どのような観察が現量と言えるのでしょうか。例えば色蘊の虚妄性や生老病死を観察する場合、私たちは皆現前に観察することができます。これが現量です。しかし色身の刹那的な生滅を凡夫が観察することはできません。物理学で説かれる電子の瞬間的な生滅の原理を用いて色身が刹那生滅であると推論する場合、このような推理も現量と言えるでしょうか。実際、色身の刹那生滅の現象はおそらく仏陀のみが現量で観察できるもので、極めて深い禅定と深遠な智慧が必要です。深い禅定がなければ絶対に観察できません。私たちは比量を通じて知るしかなく、その比量が正しく仏陀の正教量に合致するならば、方便的に現量と言うこともできます。
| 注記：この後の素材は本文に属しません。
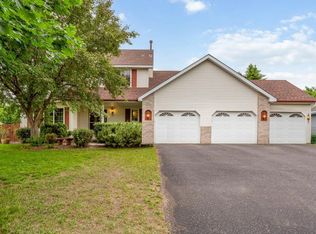 12059 Cottonwood St NW, Coon Rapids, MN 55448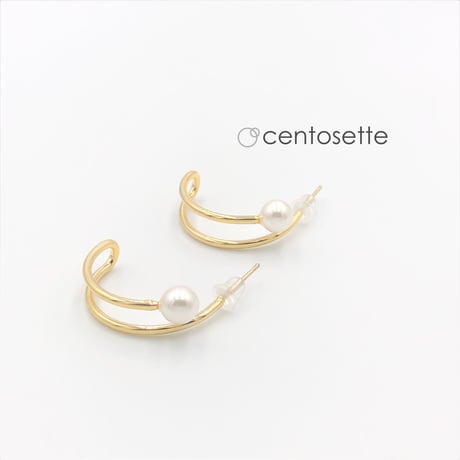 ピュアホワイトスワロパール輝くゴールドダブルカーブピアス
例えば仏陀の教えに従って宇宙器世間の生滅虚妄性を観察する場合、実際には眼識で現量観察することはできません。私たちの寿命が短すぎるため、宇宙器世間の生滅虚妄現象を観察する十分な時間がなく、宇宙が広大すぎる上に私たちの視野も限られているからです。しかし理に適った思惟を通じて最終的にこの理を真に認めることができれば、これも宇宙器世間の生滅虚妄性を現量で証得したと言えます。理法に適った思惟の結果であり、非量ではありません。
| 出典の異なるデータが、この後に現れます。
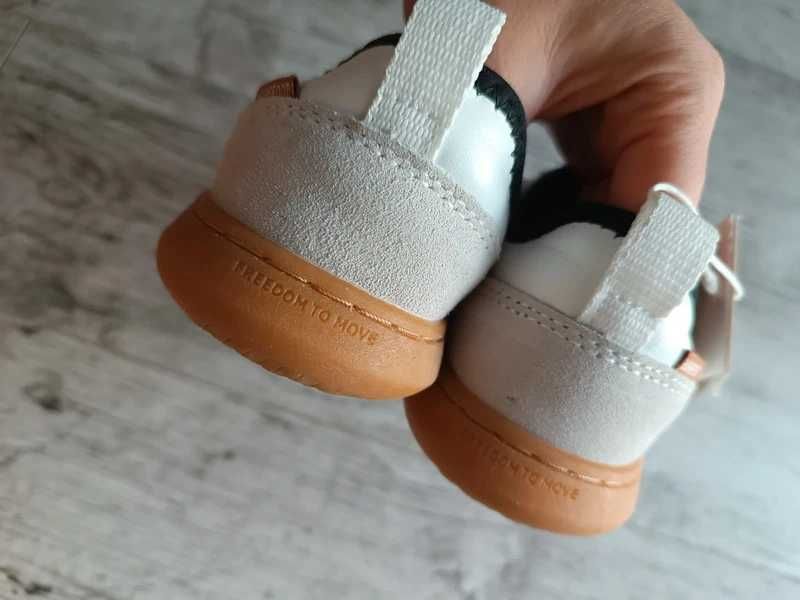 Skórzane półbuty Zara 33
刑事が事件を解決する場合を例にとると、現場に残された証拠に基づき比量や非量の推理を用いて最終的に真相を解明し、世に明らかにする場合、その比量や非量による観察結果が正しければ、これも現量の境地と言えます。つまり事実に合致する比量や非量の推理も現量の境地と見なせるのです。学生が幾何学の問題を解く場合も、比量や非量の思考方式を通じて最終的に問題の正しさを証明できれば、これも現量の境地です。私たちは色身の刹那生滅現象を現前に観察できなくても、理法に適った思惟観行を通じて最終的にこれを証明できれば、得られた結果は現量の境地と言えるのです。